Objectives: Our aim was to evaluate whether more than one observer or fractional flow reserve has the same re­sults in assessing coronary lesion severity in intermediate lesions. Methods: Our hospital’s database was searched for frac­tional flow reserve procedures and then these patient’s lesions were assessed visually by three experienced in­terventional cardiologist. Results: 8 of 46 patients were (17.4%) female and 38 of 46 were (82,6%) male. Average age was 61±11 years (Male: 60±11 / Female: 70±7 years). One observer could only detect 66.7% of severe lesions and 76.2% of non-severe lesions. When two observers agreed about lesion sever­ity, true detection of severe lesions was (max) 76.7%, and true detection of non-severe lesions was (max) 66.7%, so a decrease in true detection of non-severe lesions was observed.
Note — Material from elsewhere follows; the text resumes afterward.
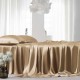 Online Cappuccino 22 Momme Mulberry Silk Sheet Set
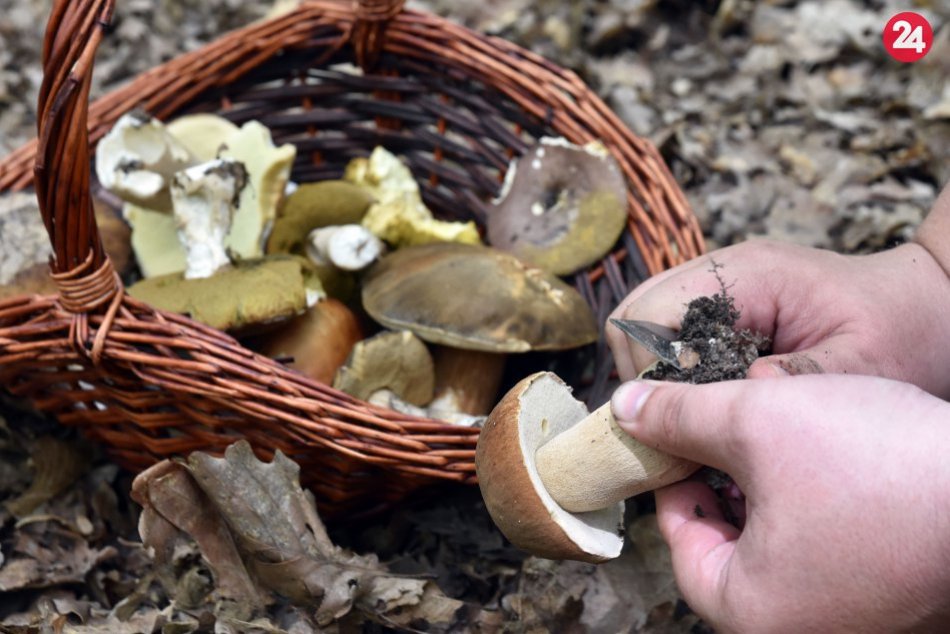 Ilustračný obrázok k článku Zvolenčania, ste vášniví hubári? Zapojiť sa môžete do nevšednej súťaže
When one of the observers called a lesion “se­vere” and the lesion was assumed as “severe”, detection of a severe lesion was 83.3% (p=0.017); if all of the ob­servers agreed that the lesion was “non-severe” then true detection of a non-severe lesion was 90.5% (p<0.05). Conclusion: One observer can’t detect a lesion sever­ity sufficiently, but when three observers’ information was evaluated, there was nearly 90% concordance with frac­tional flow reserve results.